Web Dev Self Study Guide

Wow, let me blow the cobwebs off this blog before I get down to business. In the last couple months I began a part-time job as an instructor/developer at a local bootcamp and added another human to my family and unfortunately this blog was left in park but then something happened…

A few weeks ago, a friend of mine, looking for a bootcamp, sat in on one of my classes and was interested in joining but the price tag and uncertainty of the job market upon graduation were major concerns. As a member of one of my favorite coder’s, Laurence Bradford’s Facebook group, Newbie Coder Warehouse, I noticed this same issue was preventing many other people from joining bootcamps or online programs. Now, it may not be in my best interest to tell you, or rather write you, nah, let’s just go with tell you it sounds better… anyways, what I’m trying to tell you is that you don’t NEED a bootcamp to get a job.

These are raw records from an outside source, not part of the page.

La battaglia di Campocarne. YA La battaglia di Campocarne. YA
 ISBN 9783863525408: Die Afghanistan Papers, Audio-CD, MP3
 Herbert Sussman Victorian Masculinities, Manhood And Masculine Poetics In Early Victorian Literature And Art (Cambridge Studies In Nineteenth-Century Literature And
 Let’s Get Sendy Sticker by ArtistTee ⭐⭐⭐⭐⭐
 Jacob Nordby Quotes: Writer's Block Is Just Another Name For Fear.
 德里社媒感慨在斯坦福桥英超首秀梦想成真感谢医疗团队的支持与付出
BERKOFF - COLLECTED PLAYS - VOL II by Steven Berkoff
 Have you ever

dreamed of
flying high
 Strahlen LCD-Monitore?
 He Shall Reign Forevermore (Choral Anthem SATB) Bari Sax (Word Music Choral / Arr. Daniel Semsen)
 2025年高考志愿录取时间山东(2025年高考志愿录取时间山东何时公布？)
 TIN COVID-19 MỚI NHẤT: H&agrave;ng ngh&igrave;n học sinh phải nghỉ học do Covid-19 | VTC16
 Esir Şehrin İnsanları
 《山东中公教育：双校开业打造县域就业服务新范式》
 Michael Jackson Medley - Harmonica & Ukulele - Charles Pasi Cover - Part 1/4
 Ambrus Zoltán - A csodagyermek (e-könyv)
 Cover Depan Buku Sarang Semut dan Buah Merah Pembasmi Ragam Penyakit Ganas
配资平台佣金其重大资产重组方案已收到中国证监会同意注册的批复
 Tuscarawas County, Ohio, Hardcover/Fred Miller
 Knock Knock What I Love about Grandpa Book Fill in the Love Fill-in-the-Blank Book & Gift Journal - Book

Here’s what bootcamps give you that self-study won’t: motivation, peer pressure, access to a developer who will have the answers to all those gotcha questions that may take you hours to find online, and a clear and concise path to web dev super stardom. Now, the motivation and peer pressure mainly come from the high price tag most camps charge: you tell your friends you’re shelling out upwards of 15 grand for a camp and quitting your job, then you damn well better finish that assignment on CSS media queries on a Tuesday night. For many people, keeping their interest and engagement in learning is not an intrinsic process and they need an external influence to keep them on the straight and narrow… that’s not a bad thing, it just may mean you will benefit more from a traditional class enviro (I just shortened environment, let’s try and make this a thing… enviro!) than the free wheeling self study path.

Here is the email I wrote to her outlining what I think is necessary, in the Bay Area, in 2017 to become an entry level developer; there are many places where I encouraged her to write me with any questions or further explanation on what to study and that offer is open to you the reader as well (my email is at the bottom of the page and in the contact section)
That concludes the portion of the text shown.